* EXERCISE BRIEF: Please repeat the lines below exactly. Begin with the line containing "Vászonkép 40x30 Fa a szigeten" and go on through the line containing "Australian Breeder pairs".

* DATA EXTRACT:
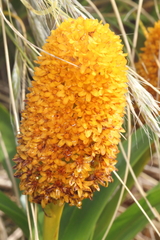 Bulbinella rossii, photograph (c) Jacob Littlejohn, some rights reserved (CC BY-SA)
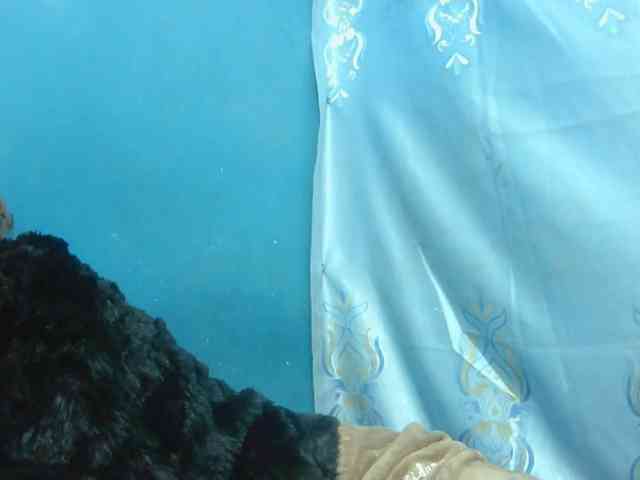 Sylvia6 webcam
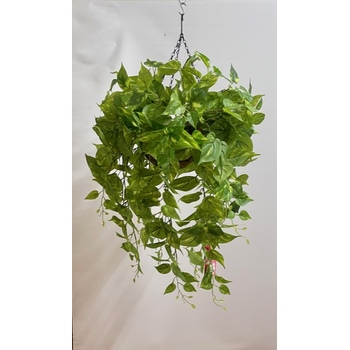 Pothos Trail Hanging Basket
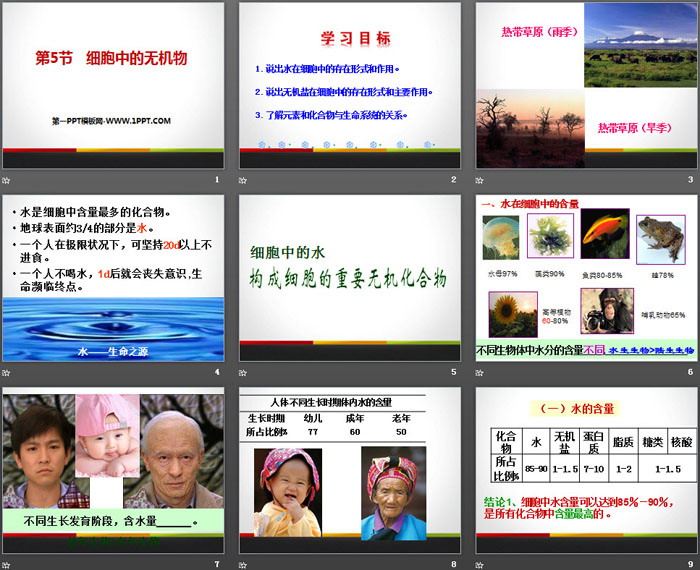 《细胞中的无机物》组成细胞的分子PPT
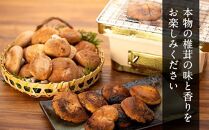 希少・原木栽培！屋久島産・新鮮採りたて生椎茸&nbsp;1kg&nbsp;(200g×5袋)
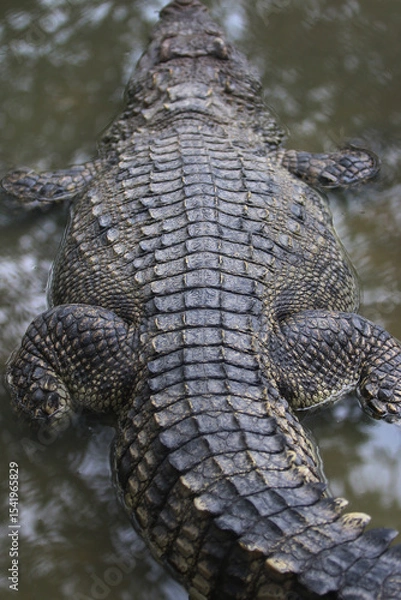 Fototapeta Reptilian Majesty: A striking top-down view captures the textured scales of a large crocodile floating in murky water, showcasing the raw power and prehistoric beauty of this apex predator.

--

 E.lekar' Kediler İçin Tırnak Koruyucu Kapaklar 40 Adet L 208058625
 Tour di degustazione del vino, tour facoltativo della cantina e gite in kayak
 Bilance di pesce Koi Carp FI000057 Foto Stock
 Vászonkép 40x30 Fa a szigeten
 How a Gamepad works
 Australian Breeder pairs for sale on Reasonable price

* ANSWER BOX:
 Vászonkép 40x30 Fa a szigeten
 How a Gamepad works
 Australian Breeder pairs for sale on Reasonable price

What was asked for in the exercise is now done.